Kaetlyn Able
Some Things That Fly There Be, scratchboard drawing and mixed acrylic painting on claybord, 20″ x 16″, 2018
Our Share of Night to Bear, Our Share of Morning (soldier #3), scratchboard drawing and mixed acrylic painting media on claybord, 20″ x 16″, 2018
Birds-Hours-the Bumblebee (soldier #1), scratchboard drawing and mixed acrylic painting media on claybord, 14″ x 11″, 2018
Here a Star and There a Star (soldier #2), scratchboard drawing and mixed acrylic painting media on claybord, 14″ x 11″, 2018
Hope is the Thing with Feathers, scratchboard drawing and mixed acrylic painting media on claybord, 11″ x 14″, 2018
With Only Butterflies to Brood, scratchboard drawing and mixed acrylic painting media on claybord, 12″ x 12″, 2018
When Sappho was a Living Girl #1, scratchboard drawing and mixed acrylic painting media on claybord, 12″ x 6″, 2018
When Sappho was a Living Girl #2, scratchboard drawing and mixed acrylic painting media on claybord, 12″ x 6″, 2018
Artist Statement
I create dreamy portraits based on found historical photographs. Using tattoo needles and an x-acto blade, I etch into thin layers of black ink that I have painted onto white clay panels. Traditionally, this drawing technique is known as scratchboard, or scraperboard, but I don’t love those clinical-sounding names. They don’t do the process, which feels utterly, completely, and perfectly magical, any justice at all! As more and more of the white clay is revealed, forms begin to slowly take shape. With every drawing there comes this incredible moment when, all of a sudden, a character and a story seem to emerge out of the black. It’s a surprise every time. I most often layer these black-and-white drawings with pops of colorful elements that I paint in acrylic and acrylic gouache, creating additional texture, dimension, and emotional resonance.
My images, and the stories that they tell, are derived intuitively. They seem to pop into my head, usually a bit hazy at first, until I begin to sketch them out and develop them on paper. For source material, I look to old photographs from the 1800s to early 1900s, and to my collected wildlife images. Once I have a sketch that resonates deeply and viscerally with me, I transfer it to a panel and begin to bring it to life in a final scratchboard drawing. As I work, the concepts behind the image reveal themselves. Themes of life, death, memory, and love come up again and again. Other ideas that surface repeatedly in my work include references to American and European folk tales, the history and mythology of the American West, and human connections to nature.
About the Artist
Kaetlyn (Wilcox) Able was born in 1978 in the suburbs outside of Boston, Massachusetts. She has loved making things, especially drawings, for as long as she can remember. A major in studio art at Wellesley College in Wellesley, Massachusetts (class of 2001), Kaetlyn Able earned her master’s degree in fine art in 2004 from the School of the Museum of Fine Arts, Boston, and Tufts University, Medford.

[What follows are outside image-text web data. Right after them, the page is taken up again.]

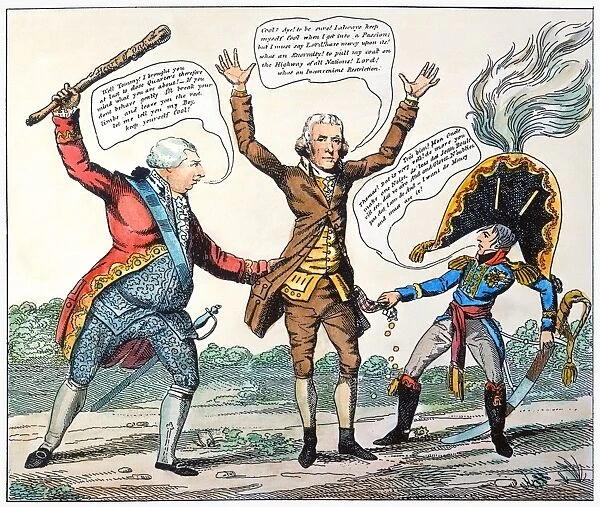 Intercourse or Impartial Dealings. An American cartoon of 1809 by Peter Pencil showing President Thomas Jefferson being robbed by England (King George) and Napoleon as a result of Jeffersons embargo policy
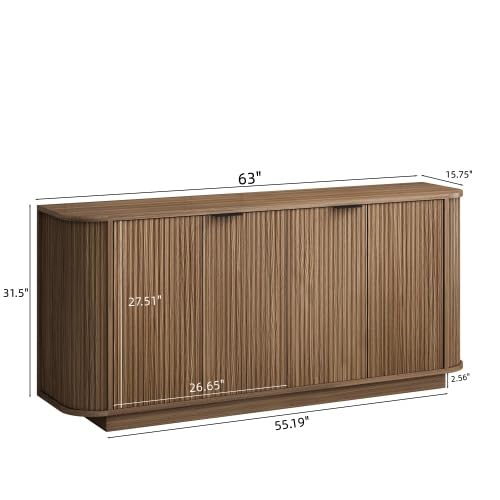 63" Sideboard Buffet Cabinet with Storage, Fluted Buffet Credenza with Adjustable Shelves, Mid Century Sideboards with 2 Doors, Modern Accent Console Cabinets for Living Room, Brown - color: Brown-63"l 2 Doors
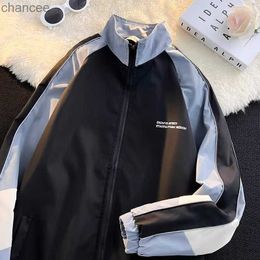 Harajuku Patchwork Varsity Jacket Men Streetwear Colour Block Bomber Windbreaker High Quality Lightweight College Jacket Couple HKD230815
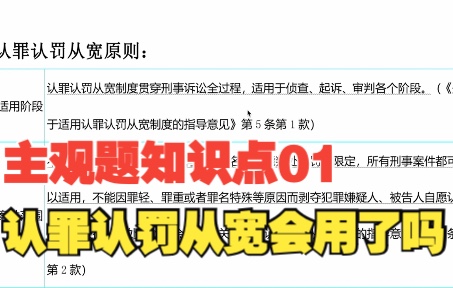 法考主观题考点总结01认罪认罚从宽制度的理解与适用即法条参考哔哩哔哩bilibili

In 2011, Kaetlyn Able moved from Massachusetts to Montana with her husband and their then-infant son. In the following years, she continued making new work and honing her craft while also caring full-time for her family. In 2012, she had another baby and, in 2015-2016, survived breast cancer. Kaetlyn Able’s experiences as a mother and as a cancer survivor have shaped her most recent work tremendously, as she contemplates themes of life and death, love and memory.
Kaetlyn Able has exhibited her work widely in solo and group shows across the United Sates. In 2018, her work was included in the 9th issue of Create! Magazine and on Danielle Krysa’s well-known and much-beloved blog, The Jealous Curator.
Kaetlyn Able is represented by Altitude Gallery in Bozeman and also is affiliated with Radius Gallery in Missoula. The latter included her newest body of work in the February 2019 group show “Somewhere I Have Never Travelled.” In November and December of 2019, Kaetlyn Able’s work can be seen in two large group holiday shows, one at Radius Gallery and the other at The Art Spirit Gallery in Coeur d’Alene, Idaho.
Today, Kaetlyn Able works full-time on her art from her home studio in Bozeman, Montana.